**Work task:** Some entries follow. Reproduce exactly the lines starting at the one with "ak partiye katilim guncel" and stopping after the one with "71 Williams St, Malden, MA 02148".

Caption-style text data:
========

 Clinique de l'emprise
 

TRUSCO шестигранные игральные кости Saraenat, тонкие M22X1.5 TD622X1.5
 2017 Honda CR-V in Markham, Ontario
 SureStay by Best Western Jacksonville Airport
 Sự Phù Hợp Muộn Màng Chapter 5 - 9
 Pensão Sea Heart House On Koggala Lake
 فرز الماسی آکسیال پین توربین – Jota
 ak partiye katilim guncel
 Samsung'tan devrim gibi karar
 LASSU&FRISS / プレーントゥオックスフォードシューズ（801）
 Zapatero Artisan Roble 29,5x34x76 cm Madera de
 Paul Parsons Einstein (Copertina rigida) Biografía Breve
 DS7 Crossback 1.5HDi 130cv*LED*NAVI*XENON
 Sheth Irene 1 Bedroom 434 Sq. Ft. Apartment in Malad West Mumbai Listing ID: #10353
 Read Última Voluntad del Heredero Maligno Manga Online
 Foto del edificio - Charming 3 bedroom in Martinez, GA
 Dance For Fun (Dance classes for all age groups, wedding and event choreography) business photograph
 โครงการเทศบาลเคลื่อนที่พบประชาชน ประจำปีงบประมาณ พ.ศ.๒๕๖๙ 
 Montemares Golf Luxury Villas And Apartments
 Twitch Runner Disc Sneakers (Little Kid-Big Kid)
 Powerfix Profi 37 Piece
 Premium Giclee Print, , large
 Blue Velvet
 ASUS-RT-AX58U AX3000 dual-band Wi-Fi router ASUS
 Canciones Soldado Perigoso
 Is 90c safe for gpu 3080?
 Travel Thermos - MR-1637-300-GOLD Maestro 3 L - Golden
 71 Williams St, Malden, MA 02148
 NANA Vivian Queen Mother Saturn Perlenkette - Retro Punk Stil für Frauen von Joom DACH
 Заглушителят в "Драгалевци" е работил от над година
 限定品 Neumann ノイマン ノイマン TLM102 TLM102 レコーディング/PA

========

**Exercise output:**
 ak partiye katilim guncel
 Samsung'tan devrim gibi karar
 LASSU&FRISS / プレーントゥオックスフォードシューズ（801）
 Zapatero Artisan Roble 29,5x34x76 cm Madera de
 Paul Parsons Einstein (Copertina rigida) Biografía Breve
 DS7 Crossback 1.5HDi 130cv*LED*NAVI*XENON
 Sheth Irene 1 Bedroom 434 Sq. Ft. Apartment in Malad West Mumbai Listing ID: #10353
 Read Última Voluntad del Heredero Maligno Manga Online
 Foto del edificio - Charming 3 bedroom in Martinez, GA
 Dance For Fun (Dance classes for all age groups, wedding and event choreography) business photograph
 โครงการเทศบาลเคลื่อนที่พบประชาชน ประจำปีงบประมาณ พ.ศ.๒๕๖๙ 
 Montemares Golf Luxury Villas And Apartments
 Twitch Runner Disc Sneakers (Little Kid-Big Kid)
 Powerfix Profi 37 Piece
 Premium Giclee Print, , large
 Blue Velvet
 ASUS-RT-AX58U AX3000 dual-band Wi-Fi router ASUS
 Canciones Soldado Perigoso
 Is 90c safe for gpu 3080?
 Travel Thermos - MR-1637-300-GOLD Maestro 3 L - Golden
 71 Williams St, Malden, MA 02148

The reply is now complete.